The city appealed, arguing that there was insufficient evidence to support the jury verdict. The Court of Appeals disagreed:

  • When a party contends insufficient evidence supports a jury verdict, “[o]ur review ‘begins and ends with the determination as to whether, on the entire record, there is substantial evidence, contradicted or uncontradicted, which will support the determination.”
  • [The California Fair Employment and Housing Act] FEHA prohibits sexual harassment in the workplace.

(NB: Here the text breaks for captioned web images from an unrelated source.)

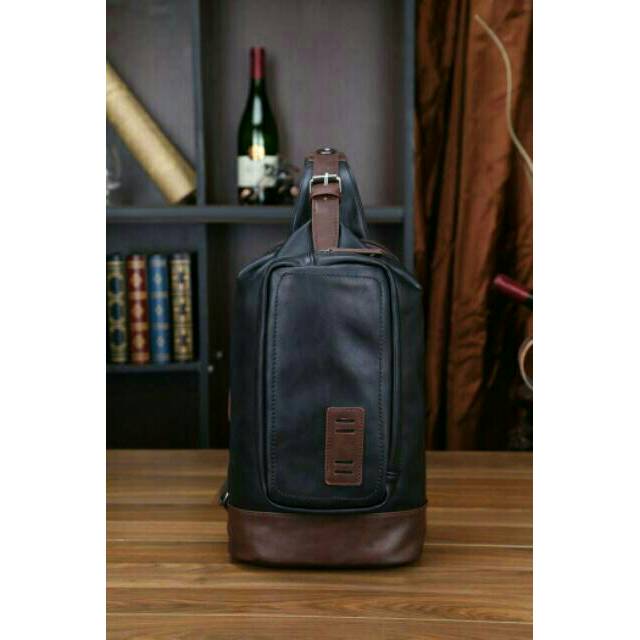 TAS SELEMPANG PRIA-TAS DADA-TAS IMPOR KULIT -TAS TREND -TAS BRANDED -TAS COWOK KULIT -TAS KEREN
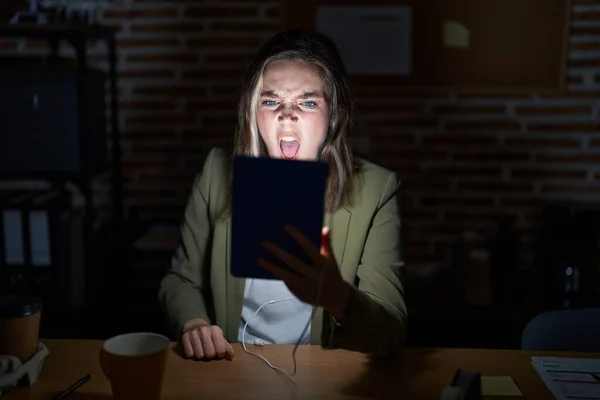 Geceleri Ofiste Çalışan Sarışın Beyaz Bir Kadın Sinirli Sinirli Bir — Stok fotoğraf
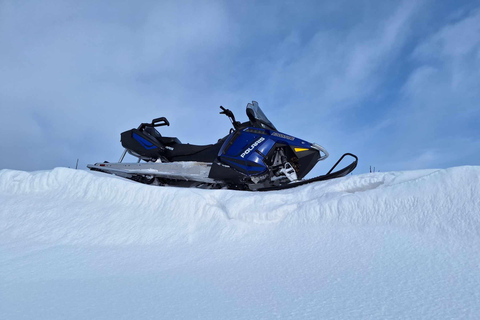 Ciudad de Quebec: Excursión guiada en moto de nieve1,5 horas de alquiler guiado de moto de nieve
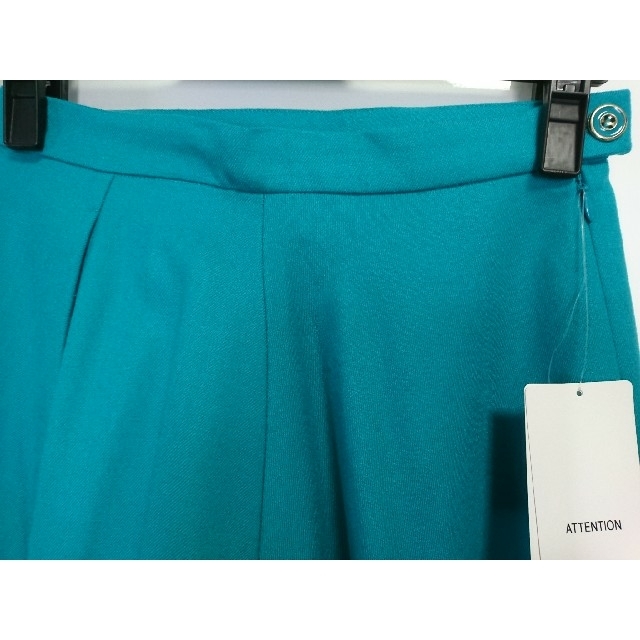 QUEENS COURT(クイーンズコート)の未使用QUEENS COURT　エメラルドグリーン　スカート　サイズ１　７号 レディースのスカート(ひざ丈スカート)の商品写真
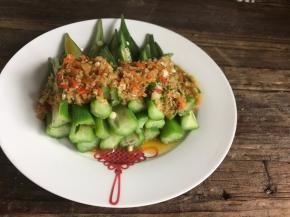 淋入秋葵上面即可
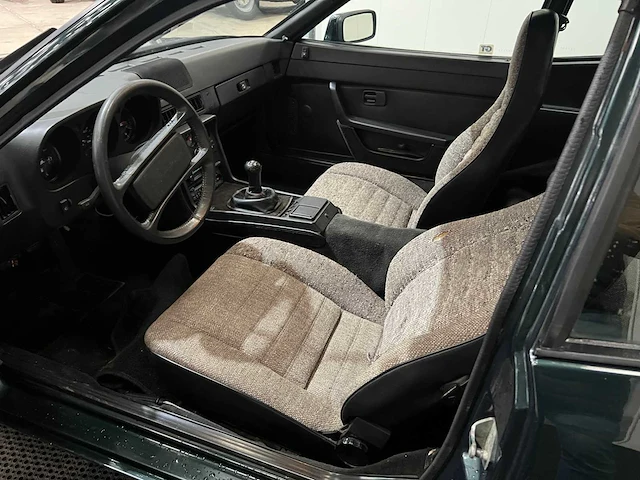 Porsche - 924 - oldtimer - 1983 - afbeelding 7 van  32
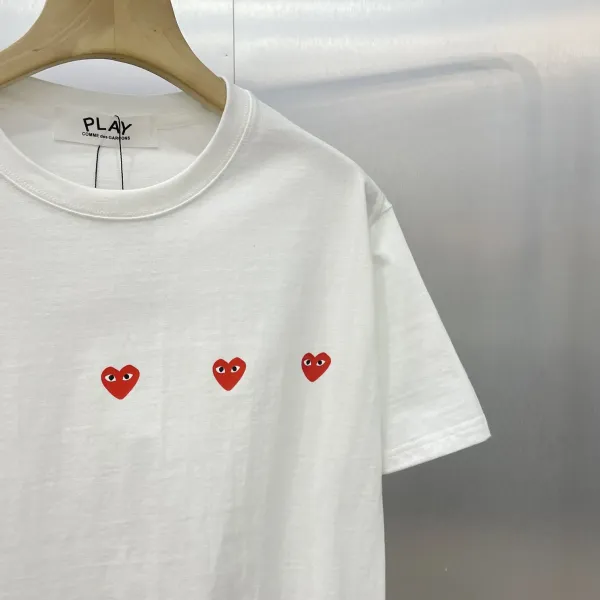 CDGP 【COMME DES GARCONS PLAY 公式旗艦店】 コム デ ギャルソン プレイ   Tシャツご好評に付き再入荷！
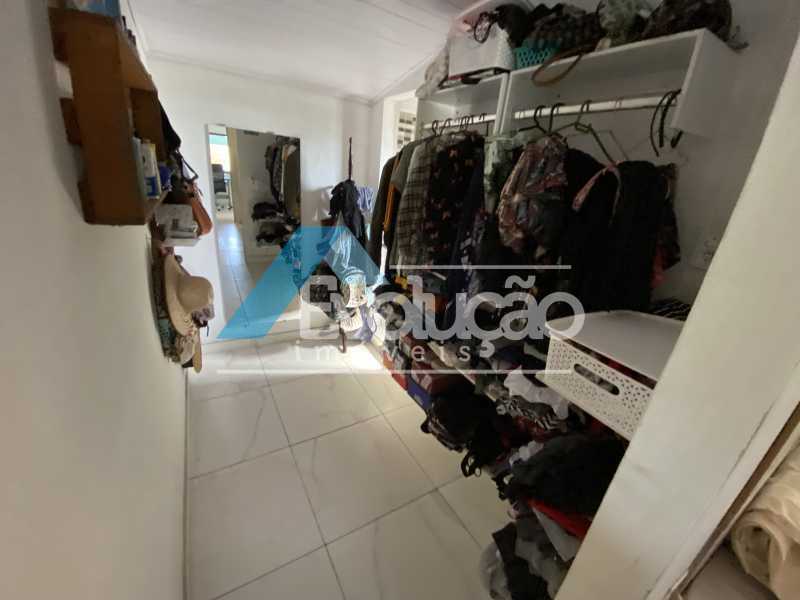 CLOSET DA SUÍTE DE CIMA - 22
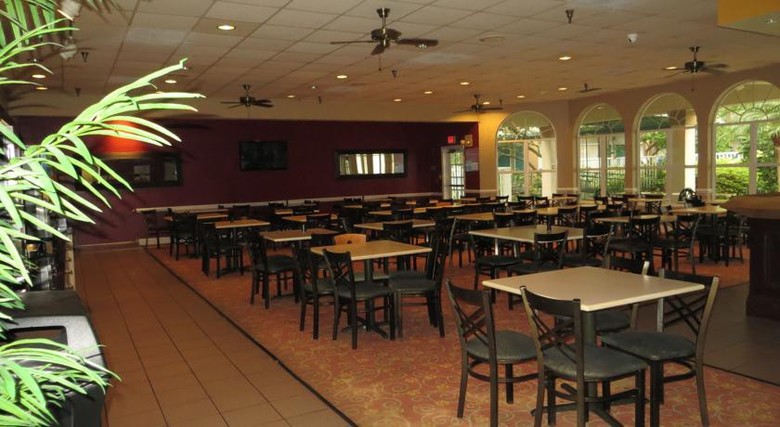 Hotel Quality Suites Universal Central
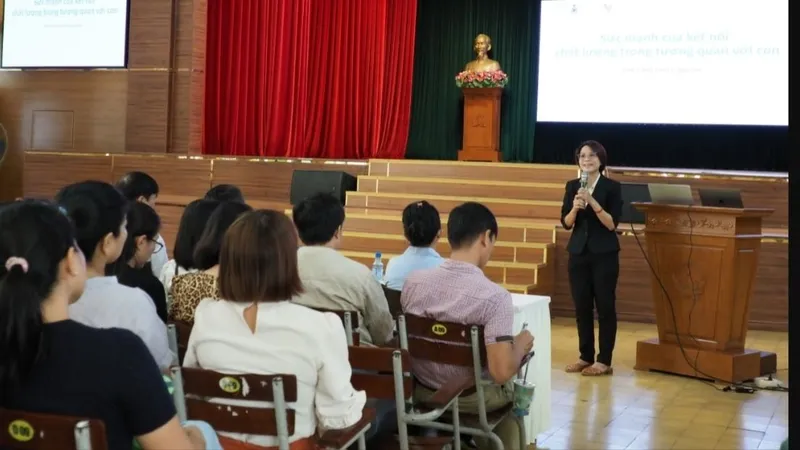 Trường học đồng hành cùng phụ huynh gia tăng kết nối với con cái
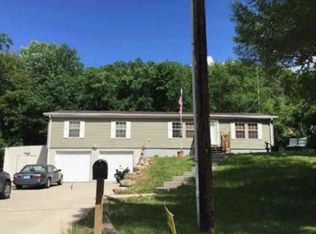 2305 Huntoon Rd, Saint Joseph, MO 64505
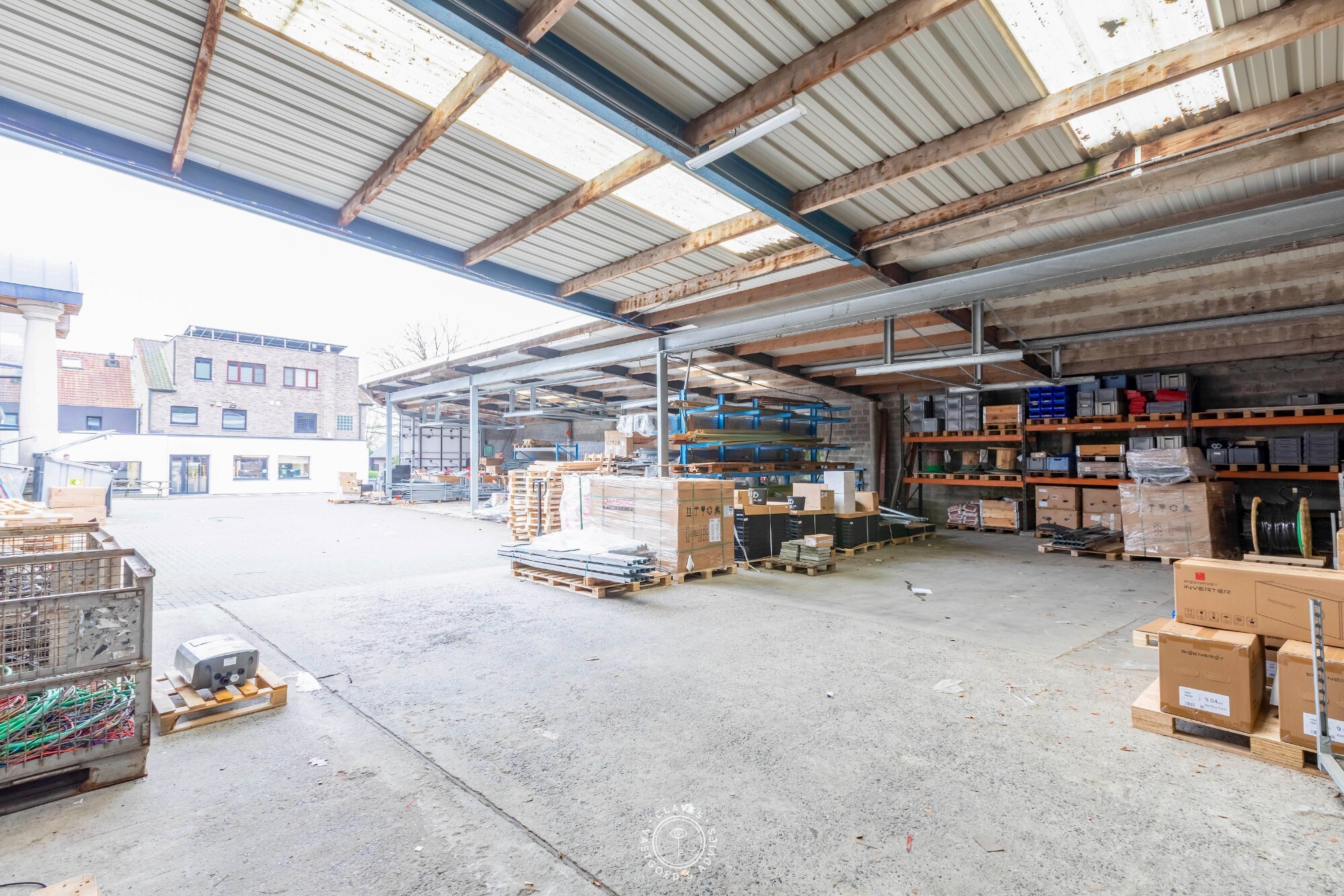 Operationele uitvalsbasis voor KMO — kantoor + loods + magazijn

  • To prevail on a hostile work environment claim under FEHA, a plaintiff must show “she was subjected to sexual advances, conduct, or comments that were (1) unwelcome; (2) because of sex; and (3) sufficiently severe or pervasive to alter the conditions of her employment and create an abusive work environment.”
  • Whether harassment is sufficiently severe or pervasive that it creates a hostile work environment is not a “mathematically precise test,” but rather a fact-specific inquiry that turns on the totality of the circumstances.
  • The City contends the “severe or pervasive” threshold is a “high standard” requiring “extreme” conduct and a “hellish” workplace. As we recently held, the “severe or pervasive” requirement was formerly “‘quite a high bar for plaintiffs to clear.'”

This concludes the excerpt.